◆ WHAT TO DO
Please return the listing exactly as written, but without its pictures.

◆ RECORDS FOR THE TASK
=== Begin Enclosure ===

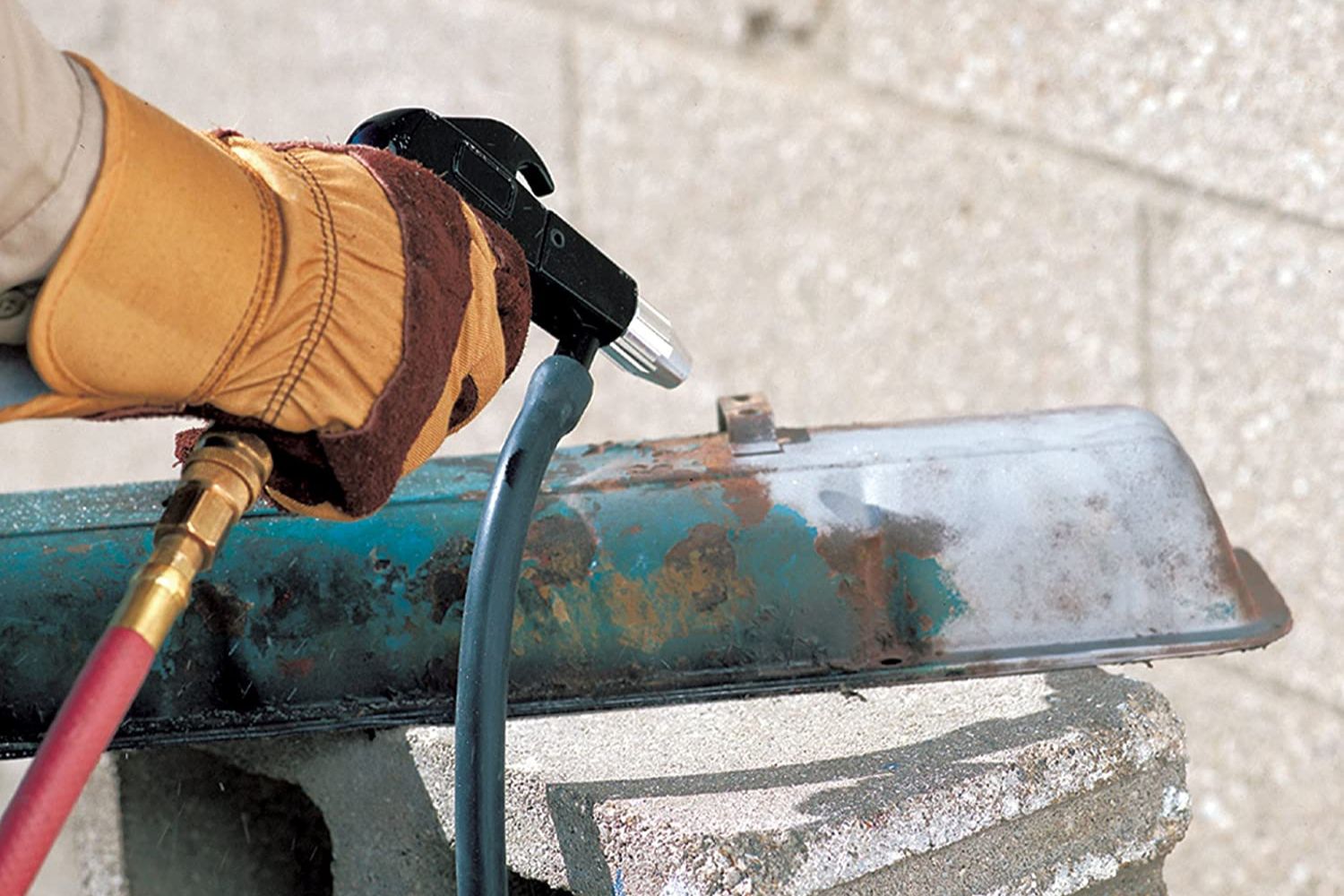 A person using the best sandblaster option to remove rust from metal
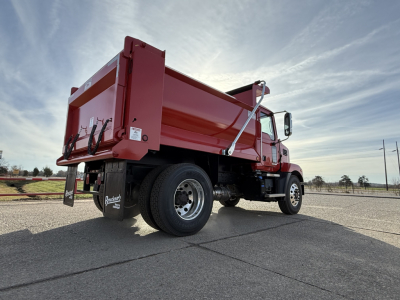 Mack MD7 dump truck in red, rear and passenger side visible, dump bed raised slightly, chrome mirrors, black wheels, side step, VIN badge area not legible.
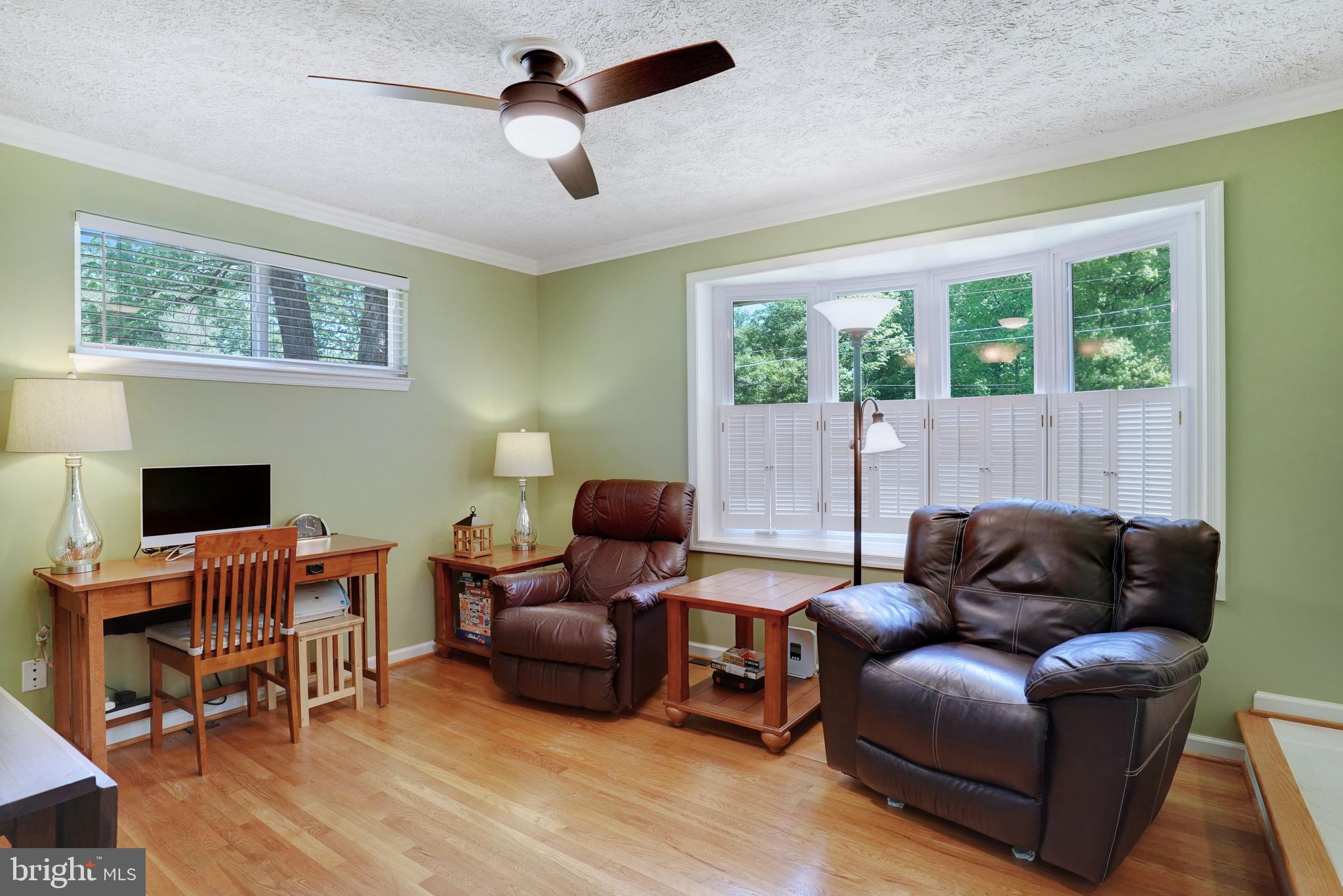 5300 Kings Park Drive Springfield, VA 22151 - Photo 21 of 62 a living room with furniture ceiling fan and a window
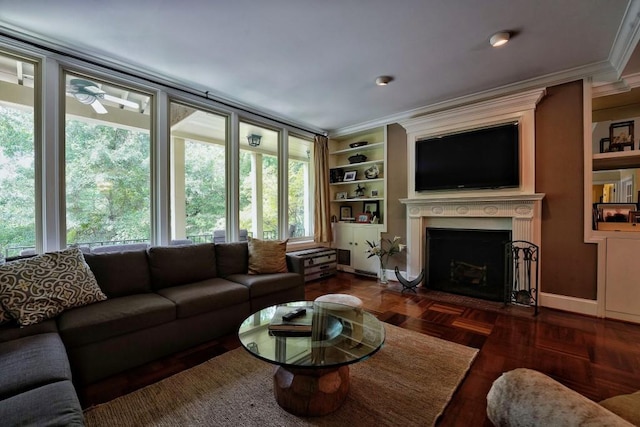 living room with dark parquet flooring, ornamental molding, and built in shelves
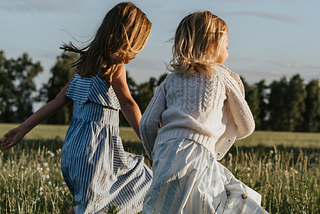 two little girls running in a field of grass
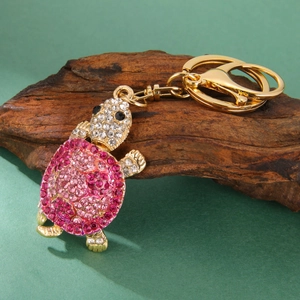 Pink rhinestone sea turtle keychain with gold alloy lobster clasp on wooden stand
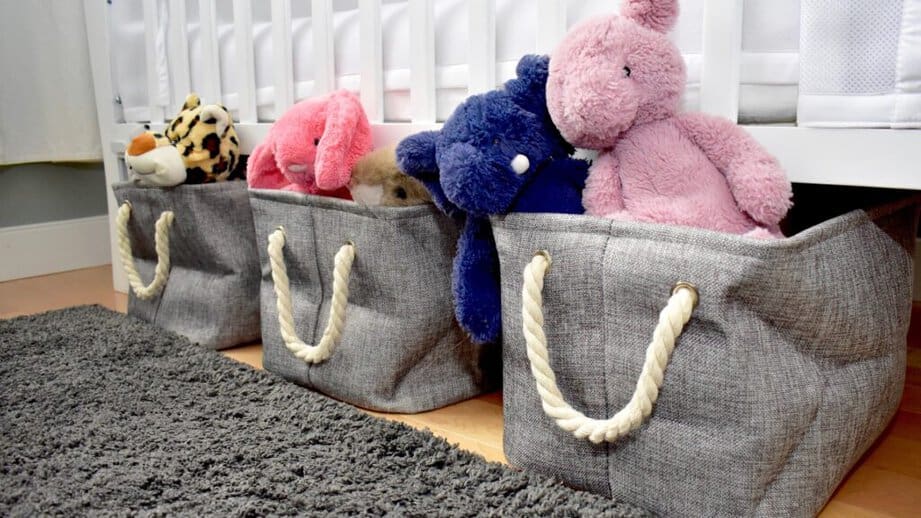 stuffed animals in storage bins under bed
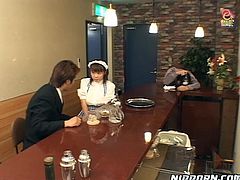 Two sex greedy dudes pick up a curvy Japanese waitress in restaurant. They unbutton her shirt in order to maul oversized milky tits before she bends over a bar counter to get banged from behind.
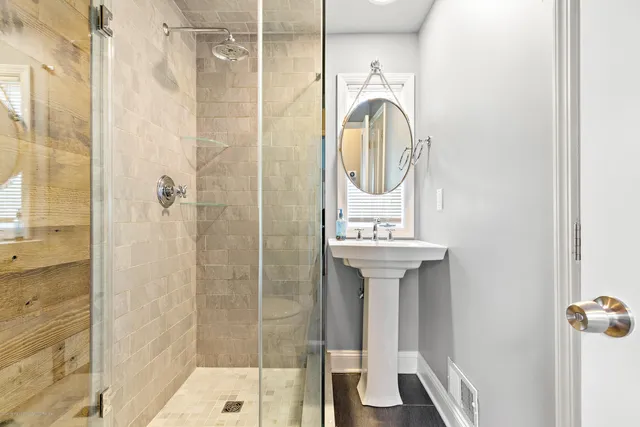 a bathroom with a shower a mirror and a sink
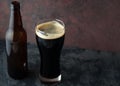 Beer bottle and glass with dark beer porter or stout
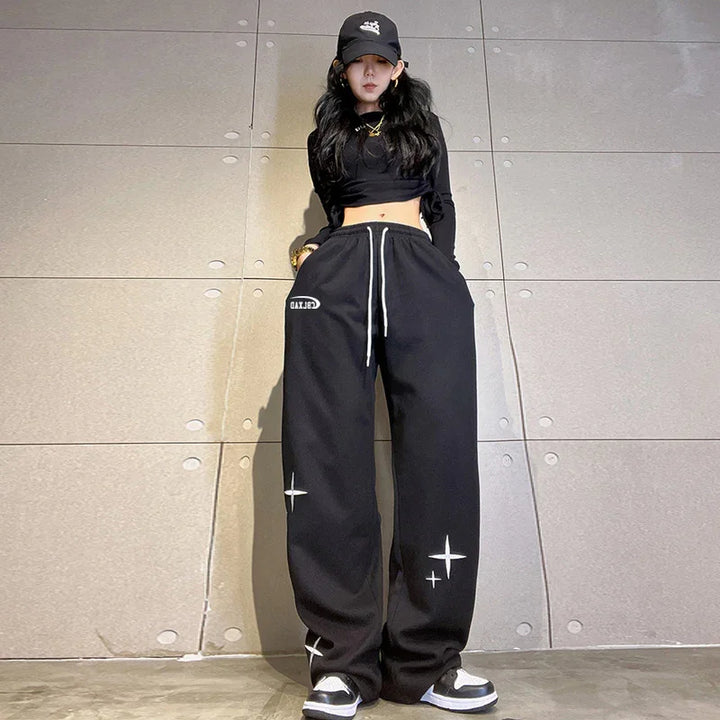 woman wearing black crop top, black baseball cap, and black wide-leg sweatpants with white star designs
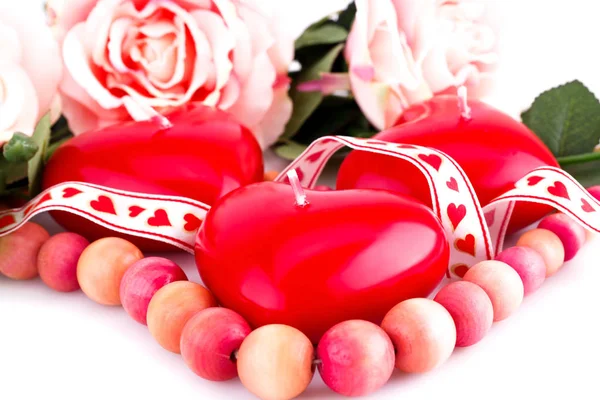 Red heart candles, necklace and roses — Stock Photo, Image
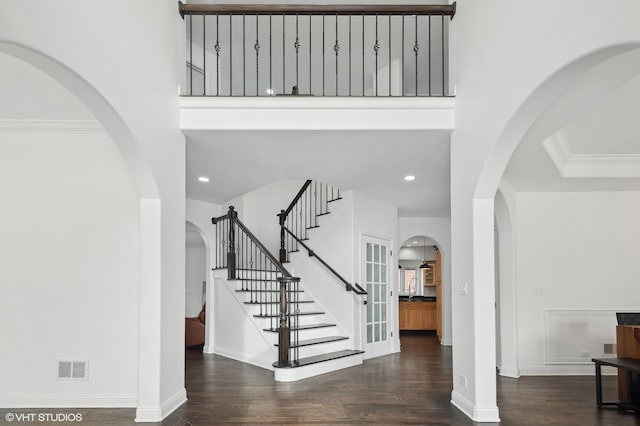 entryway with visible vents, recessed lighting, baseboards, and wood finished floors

=== End Enclosure ===

◆ ANSWER TO THIS TASK
 A person using the best sandblaster option to remove rust from metal
 Mack MD7 dump truck in red, rear and passenger side visible, dump bed raised slightly, chrome mirrors, black wheels, side step, VIN badge area not legible.
 5300 Kings Park Drive Springfield, VA 22151 - Photo 21 of 62 a living room with furniture ceiling fan and a window
 living room with dark parquet flooring, ornamental molding, and built in shelves
 two little girls running in a field of grass
 Pink rhinestone sea turtle keychain with gold alloy lobster clasp on wooden stand
 stuffed animals in storage bins under bed
 Two sex greedy dudes pick up a curvy Japanese waitress in restaurant. They unbutton her shirt in order to maul oversized milky tits before she bends over a bar counter to get banged from behind.
 a bathroom with a shower a mirror and a sink
 Beer bottle and glass with dark beer porter or stout
 woman wearing black crop top, black baseball cap, and black wide-leg sweatpants with white star designs
 Red heart candles, necklace and roses — Stock Photo, Image
 entryway with visible vents, recessed lighting, baseboards, and wood finished floors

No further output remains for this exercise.